** EXERCISE **
In the reply, include exactly the lines of the entries below from the first to the line with "Wholesale Custom Zinc", that line included.

** Stored items **
[Start of Attachment]

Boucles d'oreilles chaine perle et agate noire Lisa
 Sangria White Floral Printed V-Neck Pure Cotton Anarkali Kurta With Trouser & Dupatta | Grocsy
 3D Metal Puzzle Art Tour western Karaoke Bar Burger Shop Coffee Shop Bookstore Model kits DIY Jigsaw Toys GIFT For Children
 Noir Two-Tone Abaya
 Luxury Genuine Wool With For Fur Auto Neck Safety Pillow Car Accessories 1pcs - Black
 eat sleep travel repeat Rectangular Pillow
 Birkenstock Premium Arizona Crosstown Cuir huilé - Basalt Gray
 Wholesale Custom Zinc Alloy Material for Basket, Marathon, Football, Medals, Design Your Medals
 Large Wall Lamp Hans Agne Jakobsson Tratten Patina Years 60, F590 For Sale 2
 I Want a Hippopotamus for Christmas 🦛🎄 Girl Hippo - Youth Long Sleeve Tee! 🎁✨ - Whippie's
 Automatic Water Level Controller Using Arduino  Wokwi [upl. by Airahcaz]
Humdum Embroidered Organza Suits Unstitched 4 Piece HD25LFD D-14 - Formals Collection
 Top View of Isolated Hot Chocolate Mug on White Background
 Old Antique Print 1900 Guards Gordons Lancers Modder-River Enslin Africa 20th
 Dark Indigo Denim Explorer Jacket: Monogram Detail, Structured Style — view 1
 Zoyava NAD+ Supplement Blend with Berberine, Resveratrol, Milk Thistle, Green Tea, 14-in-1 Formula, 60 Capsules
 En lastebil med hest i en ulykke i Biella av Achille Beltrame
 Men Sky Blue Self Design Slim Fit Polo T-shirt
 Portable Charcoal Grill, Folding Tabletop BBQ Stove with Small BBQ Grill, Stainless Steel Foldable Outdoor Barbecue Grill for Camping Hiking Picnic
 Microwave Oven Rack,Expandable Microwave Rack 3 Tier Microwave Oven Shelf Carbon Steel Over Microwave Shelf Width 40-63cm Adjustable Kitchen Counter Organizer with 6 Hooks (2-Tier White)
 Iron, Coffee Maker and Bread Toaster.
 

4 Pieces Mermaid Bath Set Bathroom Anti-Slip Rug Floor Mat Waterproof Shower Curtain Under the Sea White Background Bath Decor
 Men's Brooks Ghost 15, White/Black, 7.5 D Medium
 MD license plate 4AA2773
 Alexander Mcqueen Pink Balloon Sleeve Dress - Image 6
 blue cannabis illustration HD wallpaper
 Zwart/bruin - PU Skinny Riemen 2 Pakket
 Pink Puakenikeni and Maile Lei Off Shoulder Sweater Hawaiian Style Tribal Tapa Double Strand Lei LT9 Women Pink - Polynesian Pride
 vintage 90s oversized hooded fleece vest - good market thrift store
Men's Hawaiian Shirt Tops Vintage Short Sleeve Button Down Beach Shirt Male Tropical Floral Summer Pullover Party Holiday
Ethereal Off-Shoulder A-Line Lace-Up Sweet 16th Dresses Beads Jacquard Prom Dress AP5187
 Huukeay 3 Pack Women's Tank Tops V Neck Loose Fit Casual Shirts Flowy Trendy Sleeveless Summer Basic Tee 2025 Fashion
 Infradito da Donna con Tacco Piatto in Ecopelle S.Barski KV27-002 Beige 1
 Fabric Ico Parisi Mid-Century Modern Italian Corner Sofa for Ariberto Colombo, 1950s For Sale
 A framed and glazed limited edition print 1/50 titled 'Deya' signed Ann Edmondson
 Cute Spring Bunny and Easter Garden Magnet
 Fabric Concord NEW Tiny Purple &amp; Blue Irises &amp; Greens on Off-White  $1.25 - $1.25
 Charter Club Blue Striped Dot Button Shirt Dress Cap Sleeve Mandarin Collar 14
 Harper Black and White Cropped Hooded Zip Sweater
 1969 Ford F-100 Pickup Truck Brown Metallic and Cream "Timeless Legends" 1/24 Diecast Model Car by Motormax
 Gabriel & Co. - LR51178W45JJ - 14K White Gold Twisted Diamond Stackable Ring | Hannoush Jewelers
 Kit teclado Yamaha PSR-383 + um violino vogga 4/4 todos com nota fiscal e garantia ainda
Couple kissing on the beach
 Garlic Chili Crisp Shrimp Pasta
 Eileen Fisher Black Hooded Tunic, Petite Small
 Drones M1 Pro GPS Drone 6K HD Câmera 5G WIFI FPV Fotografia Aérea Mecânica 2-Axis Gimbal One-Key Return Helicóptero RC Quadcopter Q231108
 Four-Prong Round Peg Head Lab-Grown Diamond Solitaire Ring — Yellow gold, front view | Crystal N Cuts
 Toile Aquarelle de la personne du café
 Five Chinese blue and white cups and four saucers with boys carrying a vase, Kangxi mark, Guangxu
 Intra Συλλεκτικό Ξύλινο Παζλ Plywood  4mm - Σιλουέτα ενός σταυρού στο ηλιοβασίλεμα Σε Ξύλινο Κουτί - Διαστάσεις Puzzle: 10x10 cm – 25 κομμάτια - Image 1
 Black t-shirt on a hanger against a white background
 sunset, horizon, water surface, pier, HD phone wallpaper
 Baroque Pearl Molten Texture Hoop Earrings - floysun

[End of Attachment]

** EXERCISE RESPONSE **
Boucles d'oreilles chaine perle et agate noire Lisa
 Sangria White Floral Printed V-Neck Pure Cotton Anarkali Kurta With Trouser & Dupatta | Grocsy
 3D Metal Puzzle Art Tour western Karaoke Bar Burger Shop Coffee Shop Bookstore Model kits DIY Jigsaw Toys GIFT For Children
 Noir Two-Tone Abaya
 Luxury Genuine Wool With For Fur Auto Neck Safety Pillow Car Accessories 1pcs - Black
 eat sleep travel repeat Rectangular Pillow
 Birkenstock Premium Arizona Crosstown Cuir huilé - Basalt Gray
 Wholesale Custom Zinc Alloy Material for Basket, Marathon, Football, Medals, Design Your Medals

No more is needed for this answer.